相性はいいのですが、現状の製品サイズは30cm角が最大です。そのためアトラクションで使用する場合は大型化が必要となりますが、その大型化と量産化が非常に難しいのです。
——どうして難しいのですか?
正確に映像を映し出すために、「パリティミラー®」はレンズ並の精度が求められます。レンズって表面がなだらかですよね。「パリティミラー®」の表面はブロック状の鏡が並んでいるのでギザギザです。大型化するほど、なだらかにするのが困難なのです。しかも、大きくなるほど樹脂は成形時に縮みます。かといって、金属にすると販売価格が高額になるので、樹脂で実現するしかありません。大型化と量産化は、創業当初から直面している課題となっています。

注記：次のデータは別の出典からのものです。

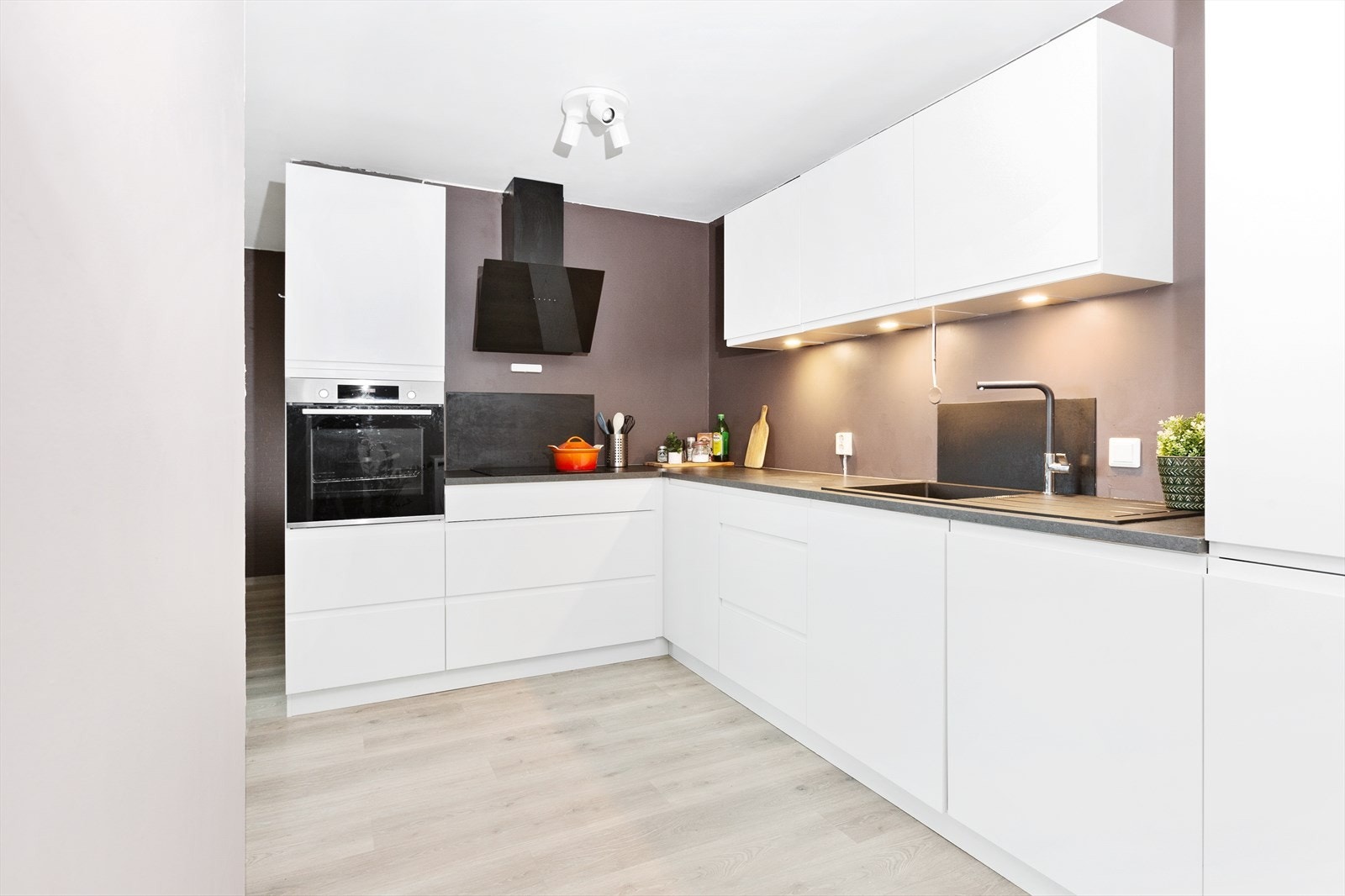 Delikat Kvik kjøkken fra 2019 med malte glatte fronter. Galleribilde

——30cm角に至るまでかなりの時間を要されたのですか?
開発当初、2006年に5cm角の製品ができたのですが当時は樹脂製ではなく金属製で、1枚数百万円という価格でした。5cm角というサイズでは用途が限定されるのに加え、超高価格ではビジネスになりません。大型化・低コスト化を実現するためにパートナー企業を探し、成形技術を確立する手法を探ってきました。試行錯誤を何年も繰り返し、10cm角の量産化の目処がたったのは2018年。5cmのサイズアップに10年以上かかりました。そうしてやっと30cm角にたどり着き、サンプル品も35,000円まで抑えることに成功しています。
——5cmアップに10年! その間、企業存続のための資金はどうされていたのですか?
出資を募ったり、融資も受けてますし、行政からの助成金やサンプル品の売上で開発を継続してきました。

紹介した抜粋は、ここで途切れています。